Don't look back. Keep it cool. Pretend you've got it together.
(blubbering sobs) Holy CRAP, I did it! Gold medal!!!
These are my thoughts while racing Comrades. That in a nutshell is my Comrades 2017 experience. I've been trying to get motivated to write a race report for the race but honestly feel like I am over race reports for their own sake. I am just looking for the take-aways, the lessons, the things I want to remember. I raced Comrades despite having only a very short training block after Two Oceans and London, races which I did coming straight back from a very extensive and long injury. I knew that Comrades would be hard. It is a hard, fast, competitive race and I was in good shape, not great shape. I was in good health, but not niggle free as my foot continues to adjust and settle and relearn. Comrades is hard period. And I tried to steel myself for it to be harder than a normal healthy well-trained race might be.

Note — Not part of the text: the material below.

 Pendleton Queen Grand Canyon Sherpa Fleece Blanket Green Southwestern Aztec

And it was freaking hard. I battled both mental and physical barriers to get to the finish line. I had a good day for my fitness level, but not a great day. I faced down a deep undercurrent of desire to quit that was almost incessant. I had to trick myself, distract myself, bribe myself, and make deal after deal with myself. There were moments where a DNF threatened for both reasons: mental and physical (great article AJW!). But somehow, I made the choice time after time to not quit. Yes, there were good, even great reasons (like when I nearly passed out), to contemplate quitting but ultimately, time after time, I found the strength to keep going. It was not graceful or easy or even close to a great race for me, I got super ugly, but I made it to the line.

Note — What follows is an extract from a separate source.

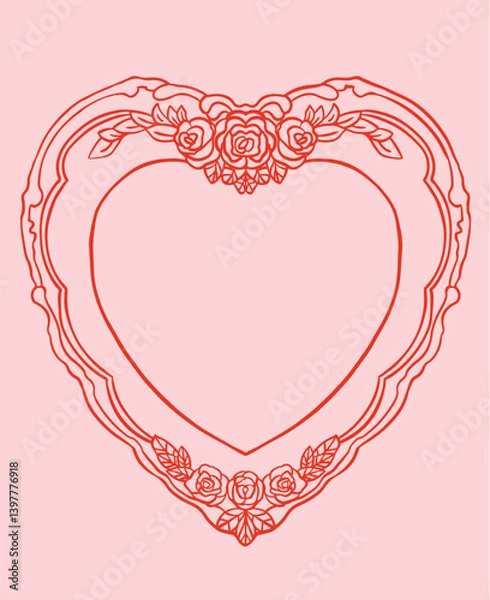 Fototapeta Heart vintage crest frame. Coquette invitation frame.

Getting to the finish line of Comrades and two weeks later, coming in third at Rock and Roll Seattle marathon, as well as "watching" Western States stories unfold have made me think a lot about strength. Strength does not mean never breaking down, never falling, never failing. It means bending, adjusting, persevering, enduring, staying steadfast and yes, even sometimes knowing when to quit. Strength can be having a perfect day where everything clicks. Strength can be being ready for a great day and finding yourself in the chair for hours, but finally finding a way to move on. Strength can be recognizing that you have nothing left to give. In our sport, there is a such a beautiful display of strength from the first to the last finisher. We put ourselves through so so so much adversity. We prepare as best we can, but when you are out there on race day pushing limits, so much can happen. Strength is working the problem, strength is honoring the journey.
In my 11 years of ultrarunning, I have had near perfect days, had perfectly crap days, had days in which I unlocked the magical power of simply not quitting when I really wanted to, had DNF's that were both heartbreaking and some that I am totally at peace with. What I have realized through those experiences is that no matter what, whether I win, finish or stop, that it doesn't define my strength. My strength is defined by how hard I work, how much I am willing to endure, how much I honor the journey, the sport and who I want to be. Strength is going through the darkest depths and simply not giving in to the darkness, knowing that there will always be light again. Sometimes that light is a finish line, an outcome, a resolution. Sometimes that light is a new race, a new opportunity or a new life.
The last year has been a pretty hard one for me. I feel like it has been like jumping from bad patch to bad patch, with only temporary glimmers of hope that have kept me pressing forward, slowly, painfully. There have been things in my life that I was certain would fail. There have been things in my life that I was ready to abandon. There were times when I had absolute certainty of what must be done. And yet, I did not quit and do not want to quit. Instead, I started to look at the struggle and say, "perhaps this is the only way through, perhaps what is on the other side of this is growth, is a deeper sense of connection, deeper understanding, valuable lessons and a deeper understanding of strength, both mine own and others". Perhaps, enduring what can be endured is absolutely life affirming. When I made the choice to stand on a start line, begin something, involve myself I had good reasons, big goals, positive feelings, hopes, dreams, etc. So when things go south, does that mean that I was wrong to make a start? Usually not, usually it just means that just because something isn't easy, doesn't mean its not worth doing. Just because it gets hard at some point, doesn't mean that this is a "stupid race and I am a stupid idiot for ever thinking it was a good idea". Yes, sometimes we have to stop. Sometimes we have to change, let go or choose a different path and that's ok. But sometimes we can endure things that are hard and face shredding and come out the other side saying, "I am so glad that I survived that. I am so glad I did not quit". We don't have to laud a sucky experiences, but we can be grateful for our own ability to go through tough shit, to survive and the once again live in the light and thrive.